-- Opening Marker --

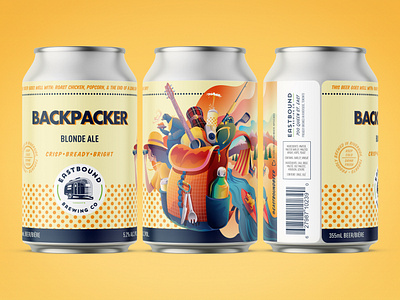 Eastbound Brewing Co Backpacker Beer beer canada canadiana design eastbound graphic design illustration illustrator label design shimizu shingo toronto typography vancouver vector vector graphics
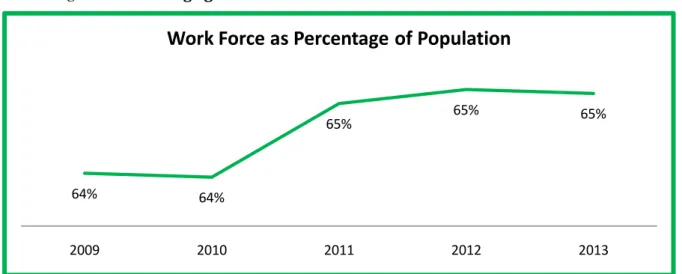 Figure 5:  Percentage growth of Work Force 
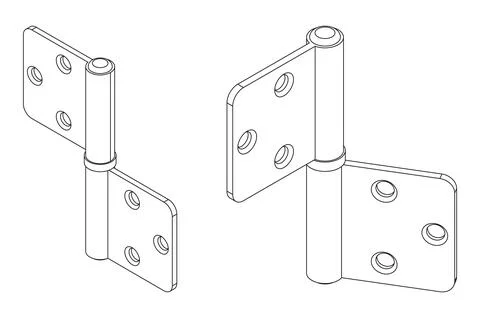Vector isometric bi-fold door hinge Stock-Illustration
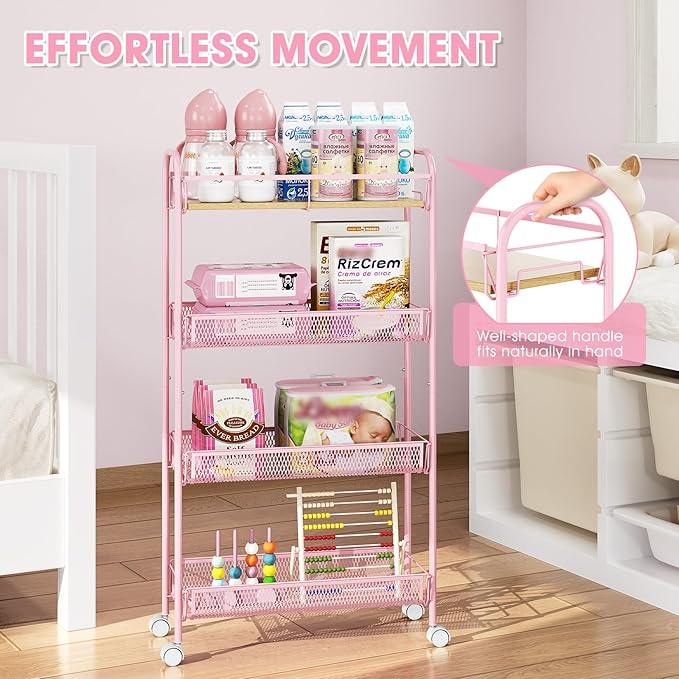 TOOLF 4-Tier Slim Rolling Cart, Metal Storage Cart with Wooden Tabletop and Mesh Baskets for Narrow Space on Kitchen Bathroom Laundry Room Bedroom Apartments Dormitory - ModernBath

-- Closing Marker --

All of the material above is to be copied exactly, with no pictures.

 Eastbound Brewing Co Backpacker Beer beer canada canadiana design eastbound graphic design illustration illustrator label design shimizu shingo toronto typography vancouver vector vector graphics
 Figure 5:  Percentage growth of Work Force 
Vector isometric bi-fold door hinge Stock-Illustration
 TOOLF 4-Tier Slim Rolling Cart, Metal Storage Cart with Wooden Tabletop and Mesh Baskets for Narrow Space on Kitchen Bathroom Laundry Room Bedroom Apartments Dormitory - ModernBath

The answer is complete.